I vostri cerchioni. I vostri semiassi. Le vostre sospensioni. Non importa che guidiate su quattro, due o tre ruote, a motore o a pedali, elettrico o a nafta. Saggiateli sulla salitella che da piazza Repubblica vi porta sui Bastioni di Porta Venezia, oltre quelle dune di pietra condite da una mucillagine di ghiaia e pietrisco. Pucciatateli in quel cratere che domina viale Abruzzi, e che infiniti lutti addusse a tutto ciò che sostiene uno pneumatico e che sia stato calato in quegli abissi, magari dopo averli “massaggiati” con le montagne russe di piazza Ascoli.

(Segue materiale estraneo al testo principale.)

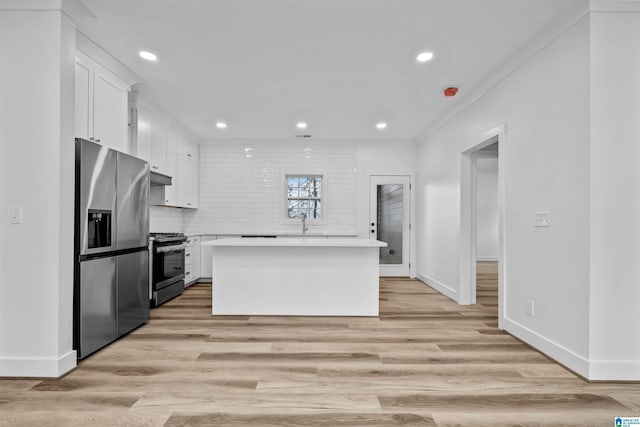 kitchen featuring light hardwood / wood-style flooring, appliances with stainless steel finishes, tasteful backsplash, a kitchen island, and white cabinetry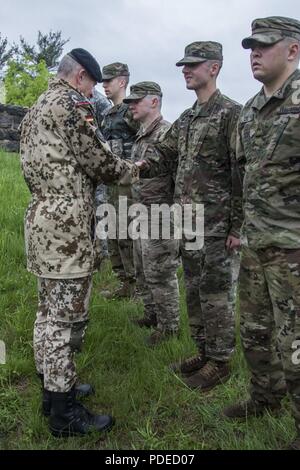 Us-Armee SPC. Nicholas Rossetti, ein Musiker auf der 39th Army Band, New Hampshire Army National Guard zugewiesen, erhält die Bundeswehr Proficiency Abzeichen (GAFPB) von der Deutschen Armee Oberstleutnant Michael Breuer, der Deutschen Verbindungsoffizier zur United States Military Academy, in der Region 1 am besten Krieger Wettbewerb in West Point, New York, 19. Mai 2018. Der Wettbewerb, Mai 16-19, 2018, ist eine jährliche Veranstaltung, in der Junior Soldaten und Unteroffiziere (NCOs) von acht nordöstlichen Staaten Soldaten konkurrieren in mehreren Veranstaltungen bestimmt sind, ihre militärischen Fähigkeiten und Kenntnisse zu prüfen, wie Stockfoto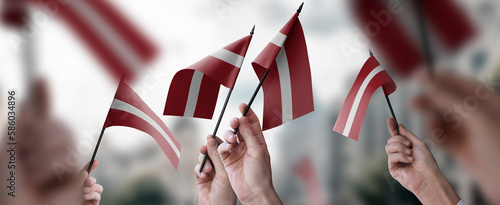 Canvastavla A group of people holding small flags of the Latvia in their hands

Testateli in quello squarcio che orna il tombino che costeggia la fermata del tram di via Solari, quasi all’incrocio con via Stendhal: solo che qui, per farlo, dovrete chiedere permesso alla pattuglia della Polizia Locale che impedisce l’accesso, perché di spazio per non affondare in quella voragine non ce n’è, a meno di fare acrobazie alla Darix Togni. Provatela, l’ebbrezza del vuoto, del sobbalzo, della sincope durante la vostra marcia in città. Tentate la sorte. Perderete.